Reinforcing bar, or rebar, is steel bars used to reduce the likelihood concrete will crack due to tension forces. Concrete has great compression strength but can crack or break if not supported fully underneath or from within. Rebar has been used for more than 150 years to improve the tensile strength of concrete.
Rebar is made in varying gauges of hot-rolled steel and used to strengthen concrete from within. It is commonly laid in a grid pattern, formed into a steel web, or placed in parallel strands. The thicker the bar and more frequent its placement, the stronger the finished product.
The steel improves the concrete’s ability to withstand forces or stresses applied horizontally or vertically against it. It distributes the forces through the concrete instead of allowing it to centralize and crack. Steel reinforced concrete is much stronger and more stable than concrete without the rebar. Rebar is often known as deformed steel due to the ridges that allow it to bond firmly with the concrete.
Does Concrete Always Need Rebar?
Concrete slabs or pads used for patios or driveways don’t need reinforcing for cars, light trucks, or lounge chairs. If the concrete will need to support heavy machinery, heavy-duty vehicles, a hot tub, spa, or concrete pizza oven, rebar is recommended. Concrete that will rest on backfill or other disturbed or weak ground would also benefit from reinforcement.
Rebar helps reduce cracking in concrete and makes it stronger and more stable.
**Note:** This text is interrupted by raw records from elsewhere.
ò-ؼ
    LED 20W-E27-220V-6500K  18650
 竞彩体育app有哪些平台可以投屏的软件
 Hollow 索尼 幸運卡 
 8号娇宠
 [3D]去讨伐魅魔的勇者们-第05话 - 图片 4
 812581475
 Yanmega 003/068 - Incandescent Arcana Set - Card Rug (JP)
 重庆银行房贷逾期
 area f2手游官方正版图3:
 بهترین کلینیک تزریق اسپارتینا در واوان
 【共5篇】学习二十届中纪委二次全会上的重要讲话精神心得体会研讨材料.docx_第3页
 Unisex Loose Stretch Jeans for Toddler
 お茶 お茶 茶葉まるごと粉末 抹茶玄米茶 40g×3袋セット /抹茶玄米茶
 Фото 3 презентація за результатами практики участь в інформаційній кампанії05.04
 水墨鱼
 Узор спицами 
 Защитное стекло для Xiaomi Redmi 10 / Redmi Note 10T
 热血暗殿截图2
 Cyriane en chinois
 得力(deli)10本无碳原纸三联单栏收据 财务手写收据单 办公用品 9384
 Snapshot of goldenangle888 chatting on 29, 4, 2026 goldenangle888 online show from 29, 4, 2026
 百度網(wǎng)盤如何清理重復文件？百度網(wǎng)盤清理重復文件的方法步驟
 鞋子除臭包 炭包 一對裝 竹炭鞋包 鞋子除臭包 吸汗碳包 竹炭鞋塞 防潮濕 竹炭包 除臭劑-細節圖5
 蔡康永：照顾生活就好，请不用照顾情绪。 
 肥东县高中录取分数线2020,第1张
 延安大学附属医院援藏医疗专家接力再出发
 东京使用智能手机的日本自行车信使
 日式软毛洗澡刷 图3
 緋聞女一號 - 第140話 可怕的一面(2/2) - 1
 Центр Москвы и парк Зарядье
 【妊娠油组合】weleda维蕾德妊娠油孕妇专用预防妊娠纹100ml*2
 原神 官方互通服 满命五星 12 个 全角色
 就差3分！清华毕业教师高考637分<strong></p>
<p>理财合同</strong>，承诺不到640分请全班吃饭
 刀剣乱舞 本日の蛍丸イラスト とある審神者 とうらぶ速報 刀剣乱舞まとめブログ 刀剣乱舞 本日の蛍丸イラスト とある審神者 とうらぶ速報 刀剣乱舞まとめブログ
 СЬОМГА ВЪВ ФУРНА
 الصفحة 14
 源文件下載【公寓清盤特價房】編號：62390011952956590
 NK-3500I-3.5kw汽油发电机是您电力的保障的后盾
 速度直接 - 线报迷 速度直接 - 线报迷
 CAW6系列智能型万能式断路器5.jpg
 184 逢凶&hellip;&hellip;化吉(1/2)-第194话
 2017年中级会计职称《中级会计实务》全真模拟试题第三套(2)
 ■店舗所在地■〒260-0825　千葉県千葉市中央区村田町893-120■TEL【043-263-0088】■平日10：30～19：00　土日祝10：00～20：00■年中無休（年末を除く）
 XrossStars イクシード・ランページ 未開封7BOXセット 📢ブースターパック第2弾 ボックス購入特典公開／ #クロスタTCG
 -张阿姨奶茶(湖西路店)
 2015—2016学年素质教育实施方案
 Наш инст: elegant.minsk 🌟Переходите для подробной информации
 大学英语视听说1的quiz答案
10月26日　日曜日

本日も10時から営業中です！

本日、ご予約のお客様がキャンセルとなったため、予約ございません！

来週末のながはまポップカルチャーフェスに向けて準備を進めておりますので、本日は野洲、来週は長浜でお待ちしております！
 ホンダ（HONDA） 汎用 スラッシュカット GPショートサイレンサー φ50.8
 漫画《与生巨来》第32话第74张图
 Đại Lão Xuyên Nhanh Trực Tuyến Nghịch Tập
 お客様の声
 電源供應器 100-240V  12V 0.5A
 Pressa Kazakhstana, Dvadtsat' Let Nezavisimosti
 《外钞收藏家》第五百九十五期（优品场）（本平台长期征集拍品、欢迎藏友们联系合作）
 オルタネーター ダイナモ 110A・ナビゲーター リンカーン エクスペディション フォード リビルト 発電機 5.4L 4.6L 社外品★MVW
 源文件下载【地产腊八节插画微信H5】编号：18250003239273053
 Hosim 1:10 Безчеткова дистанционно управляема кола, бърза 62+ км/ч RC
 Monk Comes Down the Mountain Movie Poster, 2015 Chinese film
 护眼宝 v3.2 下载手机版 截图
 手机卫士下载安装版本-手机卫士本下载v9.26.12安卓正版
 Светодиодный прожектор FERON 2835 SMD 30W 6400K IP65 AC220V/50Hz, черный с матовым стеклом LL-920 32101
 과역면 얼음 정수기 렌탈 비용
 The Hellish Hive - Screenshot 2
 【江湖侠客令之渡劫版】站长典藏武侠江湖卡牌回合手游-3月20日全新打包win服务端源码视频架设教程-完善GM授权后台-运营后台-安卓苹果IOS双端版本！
The reinforcing steel allows concrete to withstand more weight, tensile stresses, vibration, and even shifts within the soil strata. It helps extend the life of the concrete by minimizing shifting, cracking, and breaking.
Reinforced concrete may crack, but the steel prevents horizontal, vertical, and lateral separation or movement. Concrete without steel reinforcing is more likely to crack and separate under tensile stresses and expansion and contraction forces. Rebar allows for larger and thicker pours by minimizing the forces that prey on concrete.
When Do You Need to Use Rebar in Concrete?
Using rebar in all concrete slabs is an unnecessary expense, although there are times when a web of steel rebar should be used. Large pads commonly require steel reinforcing to prevent bending and cracking due to freeze-thaw or other tensile forces. It is best to check with a Structural Engineer or similar professional if unsure. Here are some reasons when rebar is needed:
Slabs thicker than 5” should have a web of rebar to prevent it from cracking. Those that may support structures erected on their perimeter or within it should also be reinforced.
Additionally, reinforce slabs that span weak or disturbed ground, or over drainage pipes or ditches. Slabs that will support heavy equipment, dump trucks, RVs, or materials such as building supplies or barrels of liquids should be strengthened too.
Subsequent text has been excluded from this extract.